Владение языком Дж. Байби сопоставляет с навыками вождения автомобиля: в обоих случаях единицы более высокого уровня образуются комбинированием единиц более низкого уровня. Например, словосочетание мой щенок или действие «повернуть направо» являются комбинациями более простых единиц - в первом случае это мой и щенок, во втором - соответствующее движение руля и включение светового сигнала поворота. Чем более опытен водитель или носитель языка, тем в большей степени он оперирует единицами более высокого уровня, которые складываются из единиц более низкого уровня как бы автоматически. То есть, чем чаще повторяется действие (практическое или языковое), тем оно становится более беглым; цепочка таких действий может слиться в единый комплекс, образуя целостную единицу более высокого уровня. Такая единица воспроизводится и воспринимается как единое целое, а ее внутренняя структура может утрачиваться: например, артикли сливаются с определяемыми существительными, послелоги превращаются в падежные окончания и т.п. Таким образом, знание грамматики - это прежде всего навык, по большей части подсознательный. И в этом смысле знание грамматики противостоит знанию лексики, которая представляет собой сознательное обладание информацией.

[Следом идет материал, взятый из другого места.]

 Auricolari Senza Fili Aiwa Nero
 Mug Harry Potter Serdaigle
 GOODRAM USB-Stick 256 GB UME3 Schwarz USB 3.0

Выучиваемые последовательности слов (так же, как и последовательности морфем) образуют сети, что дает возможность комбинировать отдельные элементы друг с другом. Например, имея в памяти сочетания my mother, my car, your mother, the car, можно построить your car или the mother (хотя все равно хорошее владение языком в сильнейшей степени подразумевает знание и употребление конвенционализованных в этом языке комбинаций слов). На основе таких сетей строятся обобщения более высокого порядка, что и составляет грамматику. Таким образом, иерархии структур составляющих выводимы из часто встречающегося следования друг за другом: чем чаще какие-то элементы встречаются вместе, тем теснее они связаны в структуре составляющих [Bybee, 2002, p. 111].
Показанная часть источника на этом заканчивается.